Environment enthusiasts may, in the near future, be able to travel by air with an easy mind, not worrying about the environmental hazards their trip might be creating. Scientists have now developed a jet engine that burns less fuel and emits less carbon dioxide than similar engines, a development many experts say could lead commercial aviation to a greener future even before alternative fuels can come into the picture.
The jet engine has been designed by Pratt and Whitney, who specialize in design, manufacture and service of aircraft engines.
This engine is more efficient, less polluting and cheaper to use than almost everything else in the sky, and it could revolutionize an industry facing skyrocketing fuel prices and mounting pressure to clean up its act.
Pratt and Whitney has spent the better part of two decades developing the geared turbofan engine that burns 12 to 15 percent less fuel than other jet engines and cuts carbon dioxide emissions by 1,500 tons per plane per year.
It's being called one of the most exciting developments commercial aviation has seen in years.
"It's technology like that geared turbofan that's going to drive fuel efficiency forward for this industry in the short and medium term," said Earnest Arvi of the Arvi Group. "Alternative fuels show great potential, but they're decades away," he added.
Nearly 1,000 planes flown by domestic carriers will be more than a quarter of a century old by 2015, and Boeing officials have said that more than 10,400 new planes will be needed in the coming decades and making them as green as possible will go a long way toward reducing commercial aviation's carbon footprint.
Current jet engines have fans that suck air into the combustion chamber, where it is compressed, mixed with fuel, and ignited.

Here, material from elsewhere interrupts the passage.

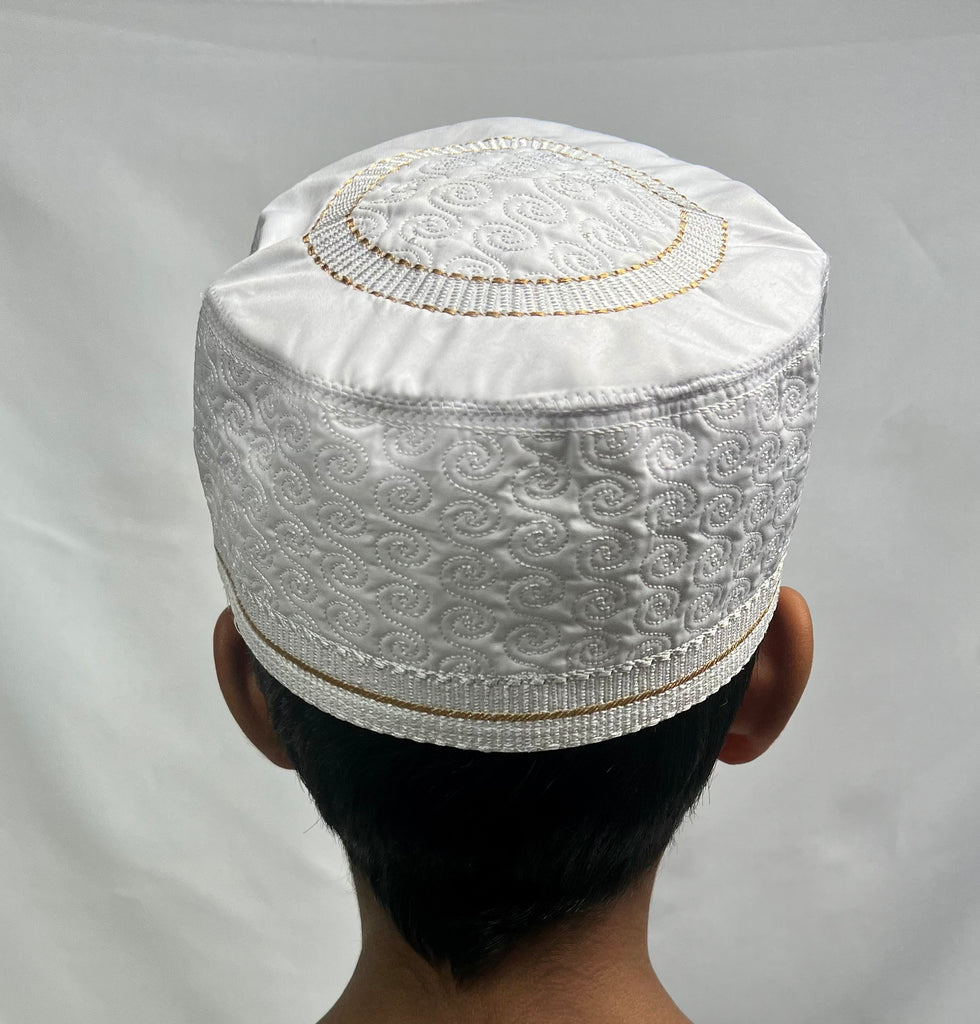 White hat topi kufi with contrast embroidery - Madyna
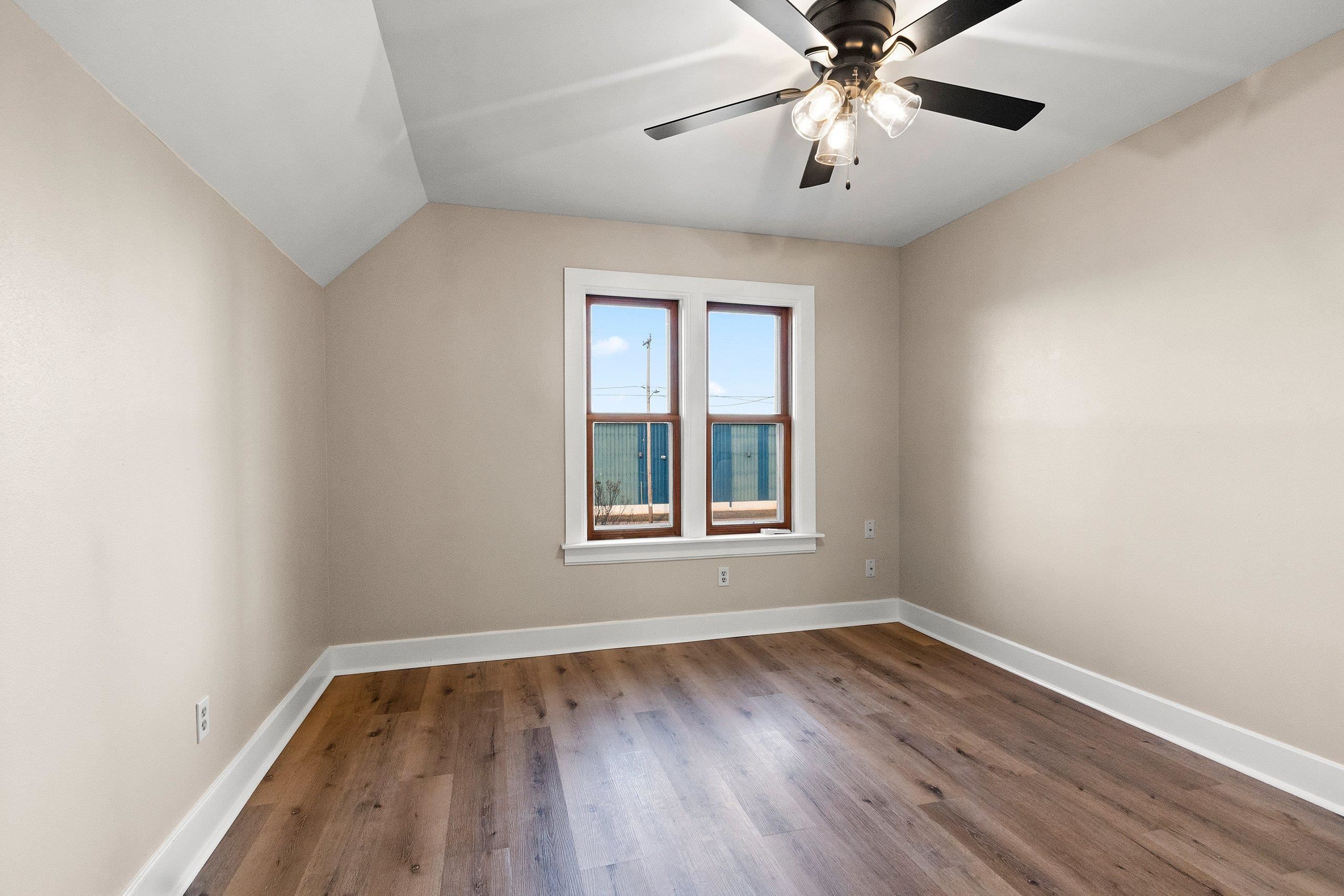 1127 West College Avenue Appleton, WI 54914 - Photo 29 of 44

Then, it's blown through a turbine, generating thrust.
It works, but it's inefficient because the fan is connected to the engine and turns at the same speed as the turbine. Fans work best at low speed, while turbines work best at high speed.
Pratt and Whitney solved that problem with a gearbox that lets the fan and turbine spin independently.
The fan is larger and it spins at one-third the speed of the turbine, creating a quieter, more powerful engine the company says requires less fuel, emits less C02 and costs 30 percent less to maintain.
According to Alan Epstein, the company's VP of Technology and Environment, the engine will not only cut CO2 emissions, but will also reduce nitrogen-oxide emissions, noise and ultimately ownership costs.
"For the next generation of single-aisle aircraft, there's no question that engine performance will be key," said Epstein. "Both economically and environmentally, this engine will deliver significant benefits," he added.
Pratt and Whitney expect to have the engine in regular service by 2013.